CRM voor cacaoboter: Chocolade mag niet meer dan 5 % andere vetten dan
cacaoboter bevatten (Richtlijn 2000/36/EG). Vervalsing van chocolade
moet kunnen worden opgespoord en gekwantificeerd door middel van
triglycerideanalyse. Het IRMM heeft reeds 16.000 monsters van een
kandidaat-referentiemateriaal geproduceerd.
EUROSOIL-CRM: Voor de classificatie van gevaarlijke stoffen en nieuwe
chemische producten en de beoordeling van de fysisch-chemische
eigenschappen, de toxiciteit, de ecotoxiciteit en de milieugevaren
daarvan moet ook de chemische adsorptie in bodems worden onderzocht.
Er zijn CRM nodig om de classificatiemethoden te kunnen harmoniseren
en experimentele bodems te kunnen standaardiseren met het oog op
vergelijkbare resultaten en een degelijke risicobeoordeling.
Radionucliden: Omdat het IRMM één van de weinige laboratoria in Europa
is die SI-traceerbare activiteitsreferentiewaarden kunnen verkrijgen,
is onlangs in samenwerking met de IAEA(3)
begonnen met een project voor het vaststellen van
radionuclidenconcentraties in melkpoeder en in de bodem.
Het Internationaal Programma voor de Evaluatie van Metingen (IMEP)
Het IMEP is een bewustmakingsprogramma dat laat zien wat op een
internationale schaal de werkelijke stand van zaken is ten aanzien van
chemische metingen voor kwesties zoals cadmium in rijst,
spoorelementen in water, lood in wijn, actiniden in monsters voor
milieuonderzoek, spoorelementen in sedimenten, enz. Het IRMM is in
1985 met het programma begonnen en heeft circa 15 evaluatierondes
georganiseerd waarbij meer dan 1.000 laboratoria over de hele wereld
waren betrokken.
Het IMEP wordt uitgevoerd onder auspiciën van de IUPAC(4)

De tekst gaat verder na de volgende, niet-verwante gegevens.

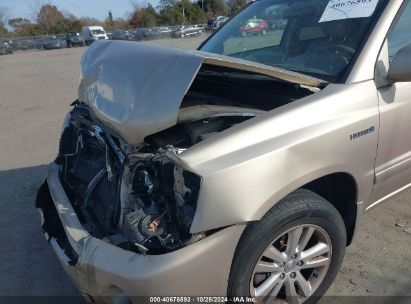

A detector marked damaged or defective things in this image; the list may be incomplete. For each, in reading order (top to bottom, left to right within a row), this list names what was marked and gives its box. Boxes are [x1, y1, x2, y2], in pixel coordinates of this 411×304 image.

crumpled metal panel [79, 40, 204, 146]
crumpled hood [79, 39, 326, 145]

, EURACHEM(5), EUROMET en CITAC(6). De rondes worden vaak door het
CCQM(7) gebruikt voor fundamentele vergelijkingen (b.v. IMEP-9
"Spoorelementen in water", IMEP-16 "Lood in wijn", IMEP-19 "Cadmium in
rijst") om de meetbekwaamheid te evalueren van nationale
metingsinstituten in de EU, de Verenigde Staten, Japan, Canada,
Rusland en Zuid-Korea. Bij de huidige en toekomstige IMEP-rondes zal
speciaal aandacht worden besteed aan de kandidaat-lidstaten.
Referentiemetingen
Referentiemetingen zijn steunpilaren voor het garanderen van de
kwaliteit en veiligheid van levensmiddelen, landbouwproducten en
consumptiegoederen omdat zij de ondubbelzinnige karakterisering van de
samenstelling van een product mogelijk maken. Het IRMM ontwikkelt
referentiemethoden die nodig zijn voor de uitvoering van EU-beleid op
diverse terreinen zoals de opsporing van antibiotica in vlees dat
bestemd is voor de interne markt, van selenium in levensmiddelen en
van vervalsingen bij melk en industriële siropen.

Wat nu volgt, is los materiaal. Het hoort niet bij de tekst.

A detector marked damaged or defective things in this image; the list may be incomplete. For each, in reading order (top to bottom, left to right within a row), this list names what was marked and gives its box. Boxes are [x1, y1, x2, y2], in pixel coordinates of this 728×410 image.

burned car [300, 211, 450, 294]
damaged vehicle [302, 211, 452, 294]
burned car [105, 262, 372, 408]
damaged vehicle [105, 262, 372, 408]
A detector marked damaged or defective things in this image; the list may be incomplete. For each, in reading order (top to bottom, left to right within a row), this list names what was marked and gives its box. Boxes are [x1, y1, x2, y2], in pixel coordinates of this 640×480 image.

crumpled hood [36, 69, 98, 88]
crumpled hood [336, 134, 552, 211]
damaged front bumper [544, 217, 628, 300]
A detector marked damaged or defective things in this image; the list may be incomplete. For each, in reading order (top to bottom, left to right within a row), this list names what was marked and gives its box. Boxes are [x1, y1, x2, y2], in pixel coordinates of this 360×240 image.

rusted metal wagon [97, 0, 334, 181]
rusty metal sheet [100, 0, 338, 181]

Zie voor nadere informatie:
http://www.irmm.jrc.be
(1)
Verordening (EG) nr. 765/2002.
(2)
Bureau Communautaire de Référence (Communautair Referentiebureau).
(3)
International Atomic Energy Agency (Internationale Organisatie voor
Atoomenergie).
(4)
International Union of Pure and Applied Chemistry (Internationale Unie
voor Zuivere en Toegepaste Chemie).
(5)
European Analytical Chemistry (Europese Analytische Chemie).
(6)
Co-operation on International Traceability in Analytical Chemistry
(Samenwerking bij Internationale Traceerbaarheid in de Analytische
Chemie).
(7)
Raadgevend Comité betreffende stofhoeveelheid.